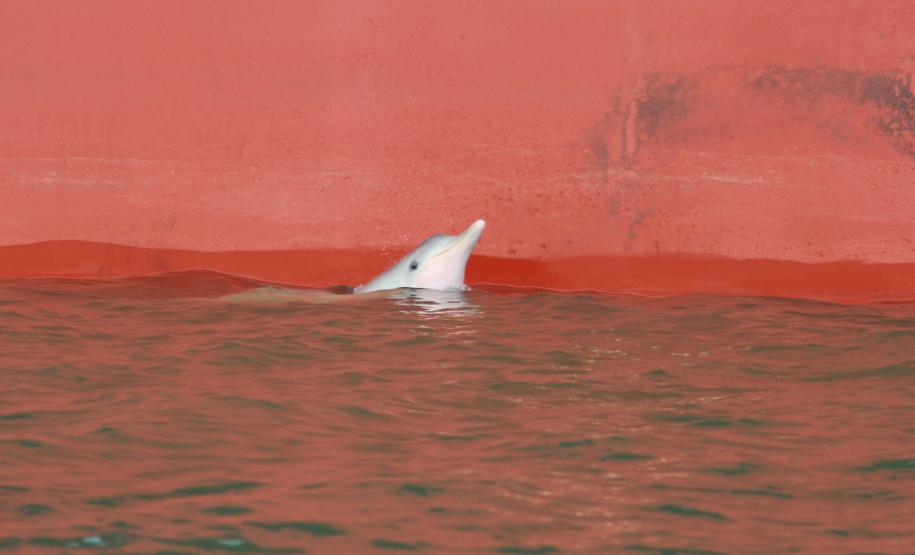 O biólogo, especializado em biologia marinha, e doutor em Engenharia Ambiental, Fernando A. S. Hardt está em campo na área dos Portos Organizados de Paranaguá e Antonina. Em um trabalho minucioso, ele observa e analisa a presença e o comportamento dos golfinhos e tartarugas. Hardt é consultor da Administração dos Portos de Paranaguá e Antonina (Appa), no Programa de Monitoramento da Biota Aquática, do Plano de Controle Ambiental.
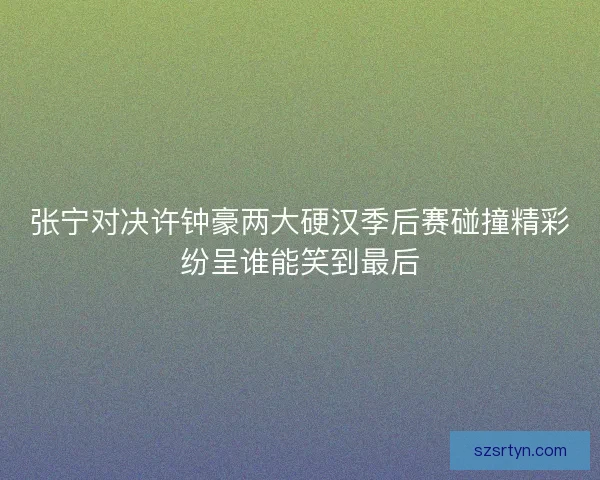 张宁对决许钟豪两大硬汉季后赛碰撞精彩纷呈谁能笑到最后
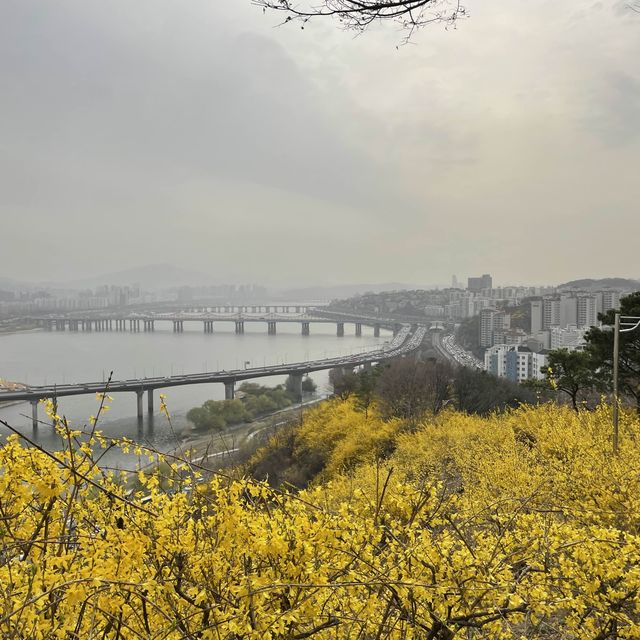 뚝섬 데이트 코스 추천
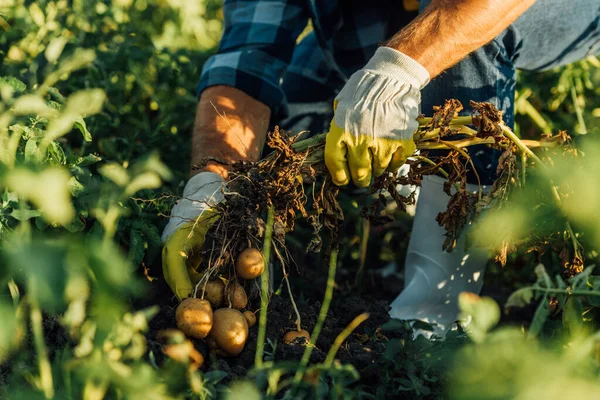 Vista recortada del agricultor en guantes cosechando papa en el campo, enfoque selectivo - foto de stock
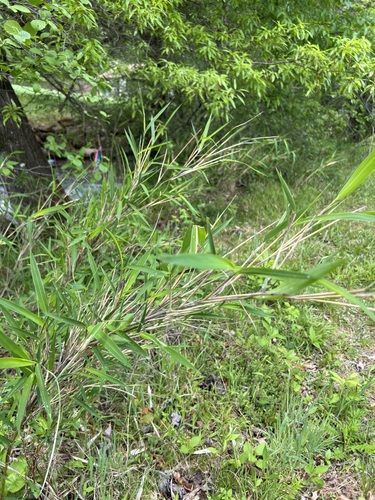 Image of Hill Cane (Arundinaria appalachiana) by (c) ladyjanaye, some rights reserved (CC BY)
--------------------------------
▶ **Exercise aim**
Keep the pictures out of your copy. Copy only the lines from the line that holds "뚝섬 데이트 코스 추천" through the last line of the listing above, both included.

▶ **Expected output**
 뚝섬 데이트 코스 추천
 Vista recortada del agricultor en guantes cosechando papa en el campo, enfoque selectivo - foto de stock
 Image of Hill Cane (Arundinaria appalachiana) by (c) ladyjanaye, some rights reserved (CC BY)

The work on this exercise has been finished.